Le régime présidentiel menace la démocratie en Afrique. C’est le constat fait par la Société civile, des magistrats et des anciens décideurs publics. A Dakar, dans le cadre d’un colloque, ces derniers appellent à la réforme de l’hyper présidentialisme.
Le modèle démocratique dans le monde est-il arrivé à bout de souffle ? Si pour l’heure, la montée du populisme et l’arrivée de l’Extrême droite dans certaines régions du monde semblent le confirmer, quelques lueurs d’espoir peuvent laisser penser le contraire. En tout état de cause, en Afrique de l’Ouest, une région secouée par la crise politico-sécuritaire, la nécessité de repenser les transitions démocratiques est la volonté la mieux partagée.
Dans le but d’y parvenir, la Société civile anticipe. C’est ainsi qu’à Dakar, des anciens ministres de la Justice, des Affaires étrangères, des parlementaires, des décideurs publics et des magistrats se réunissent pour 3 jours depuis hier, pour «repenser les transitions démocratiques en Afriques de l’Ouest».
D’après Alioune Tine, l’Afrique de l’Ouest est secouée par la crise de la démocratie électorale, de la démocratie constitutionnelle, de la gouvernance et celle de la sécurité. «Depuis 2011, se sont amorcées un peu partout en Afrique de l’Ouest, des tendances lourdes à l’autoritarisme, à la fraude électorale et les changements constitutionnels pour conserver le pouvoir. Cela crée des tensions, des violences politiques et même des insurrections. Il faut constater le déclin partout dans le monde, de la performance des élections.

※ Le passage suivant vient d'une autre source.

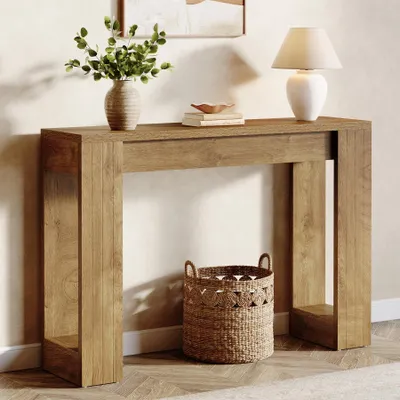 Obrázok produktu pre Tribesigns 105 cm dlhý konzolový stolík, rustikálny drevený stolík za pohovkou, úzky stolík do predsiene, chodby, obývacej izby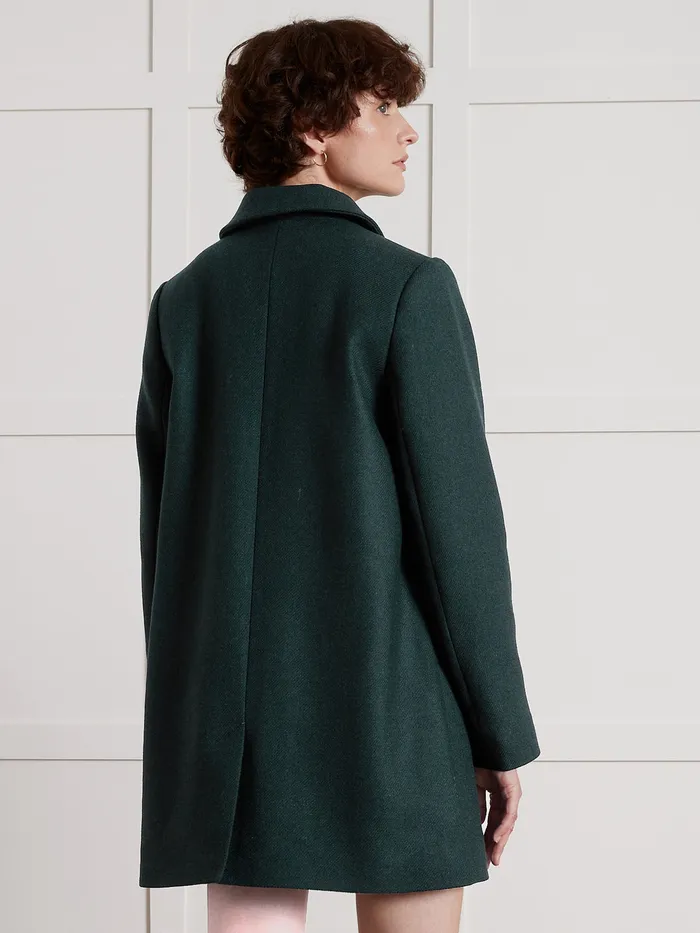 Women Cyrillus Clothing Plain Short Wool Cloth Coat Green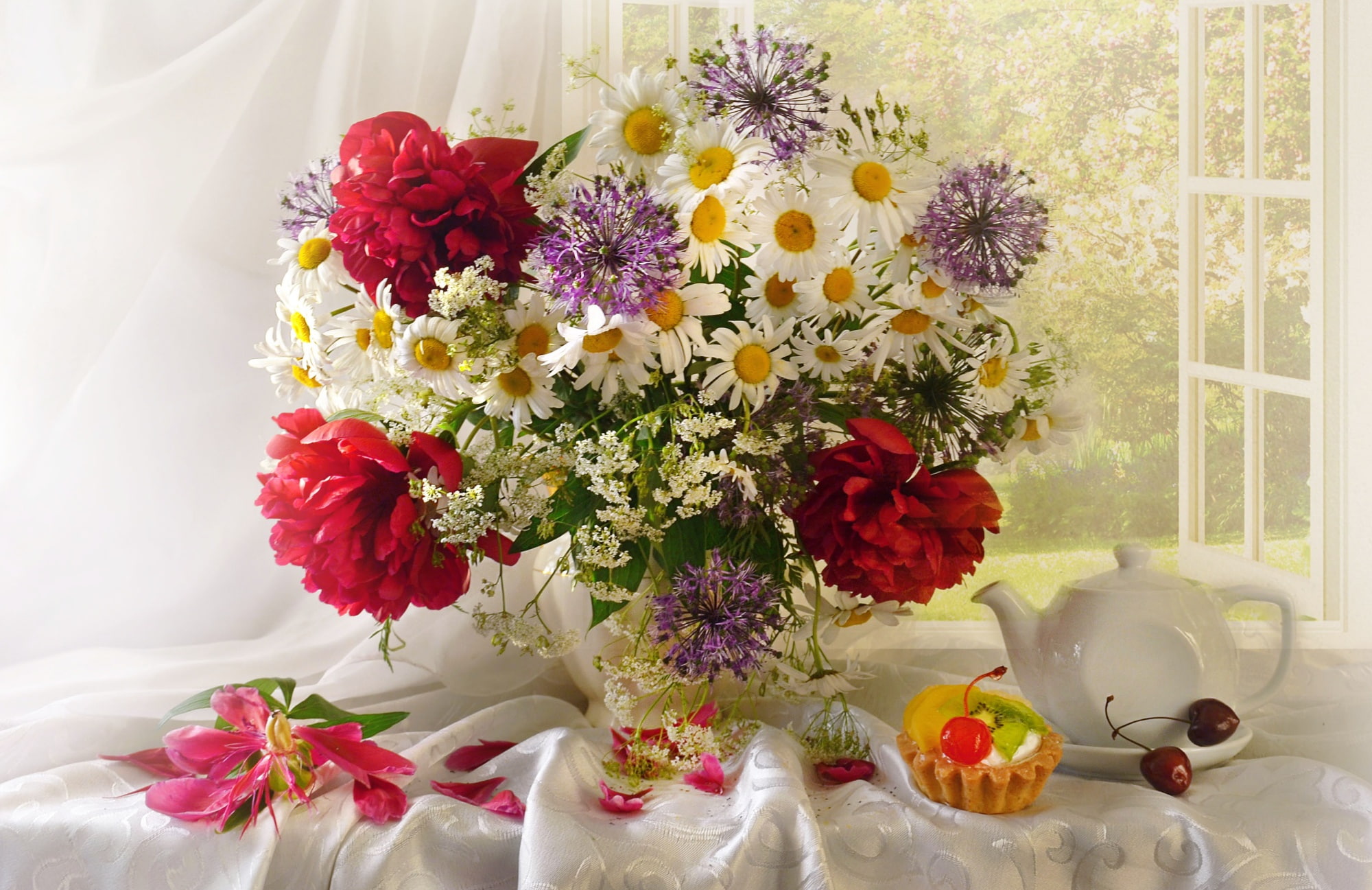 1080P, peonies, chamomile, cake, bouquet, in Durban, cherry, HD Wallpaper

Elle est en passe de devenir une réelle menace pour la paix et la stabilité», a constaté le coordonnateur d’Afrikajom Center. Pour celui qui est par ailleurs consultant-expert de l’Onu au Mali, la principale source du problème est le régime présidentiel. «La démocratie constitutionnelle pose le problème de l’organisation des pouvoirs. Il faut repenser le régime présidentiel exacerbé par un hyper président, qui concentre entre ses mains tous les autres pouvoirs.
Le président de la République est souvent le président de la coalition au pouvoir. Par le jeu des nominations, il contrôle toutes les institutions économiques, politiques et judiciaires. Cela crée un Etat partisan aux intérêts partisans, au lieu d’être au service de l’intérêt commun.»
Ainsi, le droit-de-l’hommiste estime que cette hyper-concentration des pouvoirs est à la base de la crise de la gouvernance. «La crise de la gouvernance est souvent exacerbée par toutes les autres crises. Elle est souvent la question justifiée des coups d’Etat militaires», a-t-il averti.
A la question de savoir si le Sénégal, longtemps considéré comme la vitrine de la démocratie en Afrique, est en train de basculer, Alioune Tine a préféré botter en touche en affirmant que la recherche de solution était la raison de la tenue de cette rencontre. En tout cas, pour Ebrahima Sall, le Directeur exécutif de Trust Africa, «il y a un sérieux problème dans le rapport entre gouvernés et gouvernants. Il faut travailler à rétablir la confiance. Cela ne se fait pas qu’avec le dialogue. Les solutions structurelles ont une grande partie à jouer».
Dans la même logique, Robert Dossou, avocat au Barreau de Paris, ancien président de la Cour constitutionnelle, ancien ministre des Affaires étrangères et ancien bâtonnier du Barreau du Bénin, estime qu’il ne peut y avoir de démocratie sans une Justice indépendante. Et cette dernière ne peut avoir son éclosion dans la transition informelle dans laquelle nos Etats sont depuis les indépendances.
«Il y a une captation des organes de l’Etat, une captation des richesses de la Nation et les conséquences de ces deux situations. L’Exécutif fait une captation des organismes, aidé par le présidentialisme», a-t-il affirmé.